Pictures stay out of the copy. Retype exactly the lines below from the one with "Ozon & Luxury Hotel" through the one with "Toyota Land Cruiser".

Input data ::
+===+
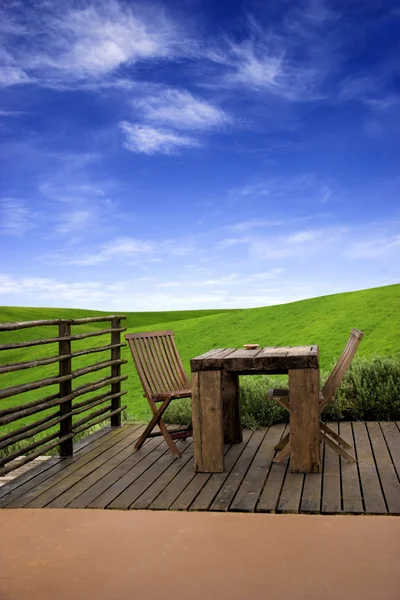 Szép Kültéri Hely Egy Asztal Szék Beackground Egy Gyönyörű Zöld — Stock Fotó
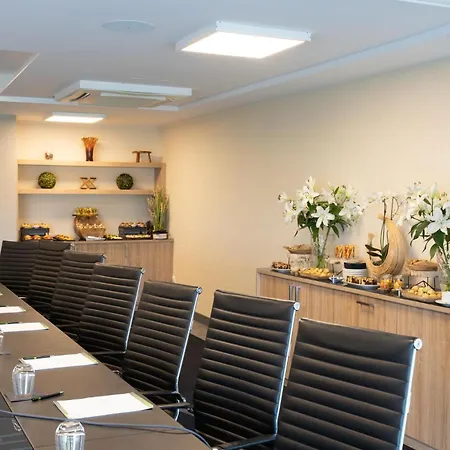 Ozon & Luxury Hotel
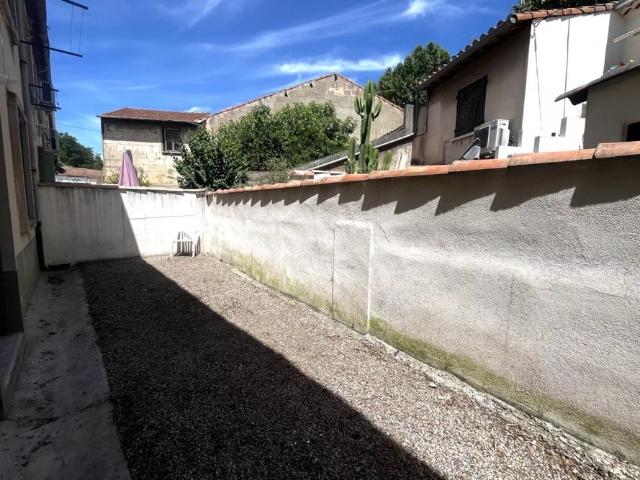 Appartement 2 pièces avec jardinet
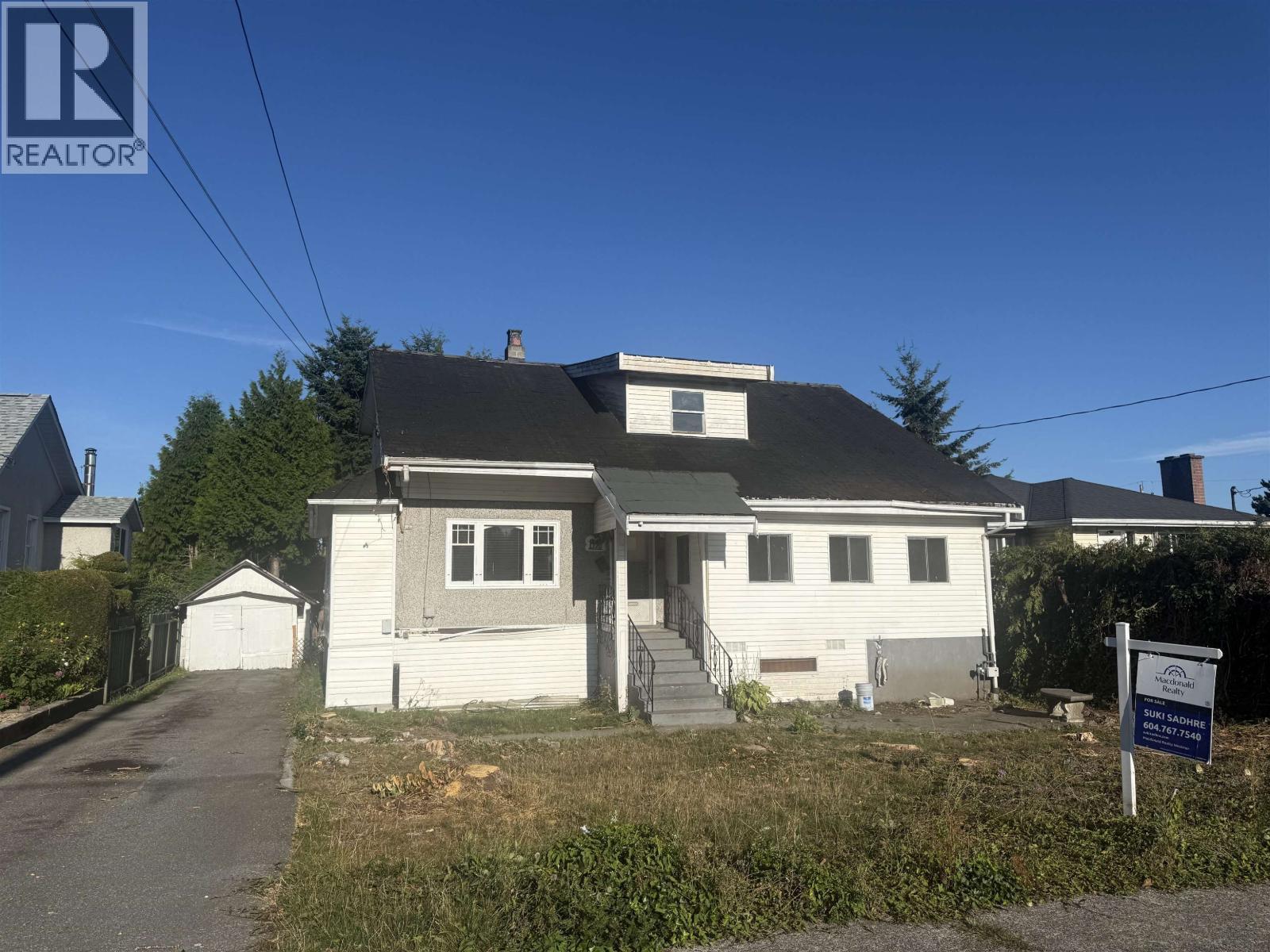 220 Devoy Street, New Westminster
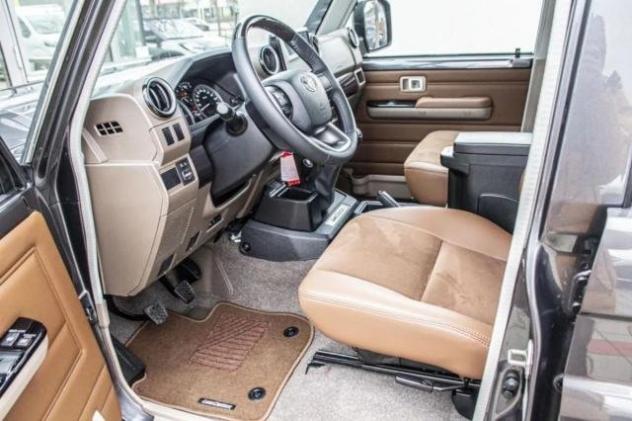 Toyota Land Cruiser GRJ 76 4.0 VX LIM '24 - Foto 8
+===+
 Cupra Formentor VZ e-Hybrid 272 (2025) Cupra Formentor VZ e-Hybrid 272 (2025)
+===+
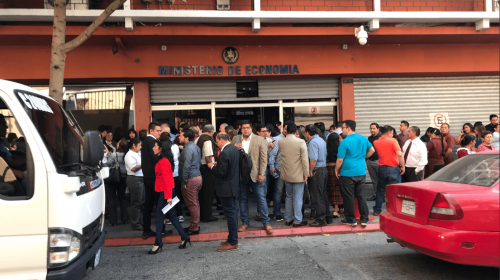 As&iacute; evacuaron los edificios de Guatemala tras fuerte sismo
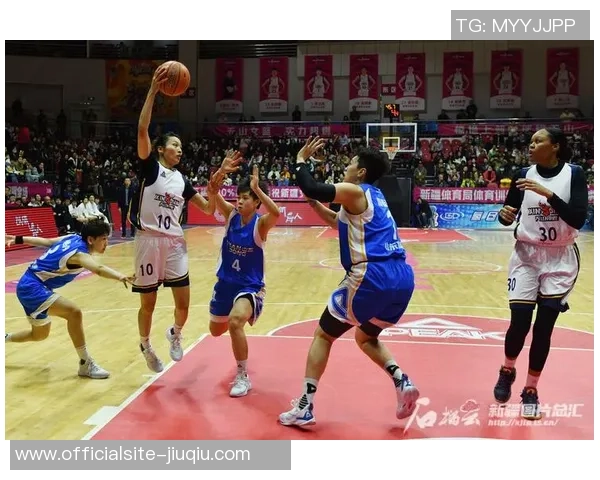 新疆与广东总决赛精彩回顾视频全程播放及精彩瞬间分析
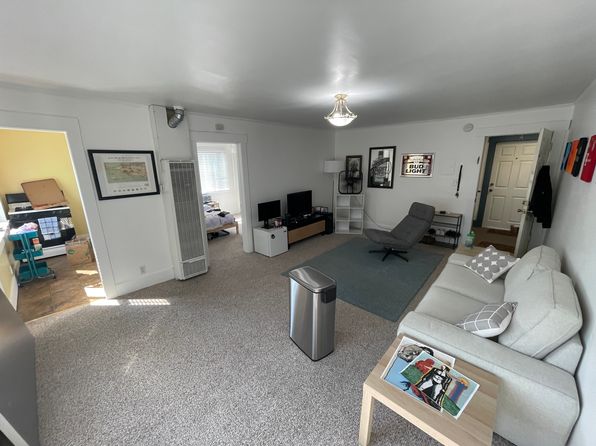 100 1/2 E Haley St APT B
+===+
Response to the task ::
 Ozon & Luxury Hotel
 Appartement 2 pièces avec jardinet
 220 Devoy Street, New Westminster
 Toyota Land Cruiser GRJ 76 4.0 VX LIM '24 - Foto 8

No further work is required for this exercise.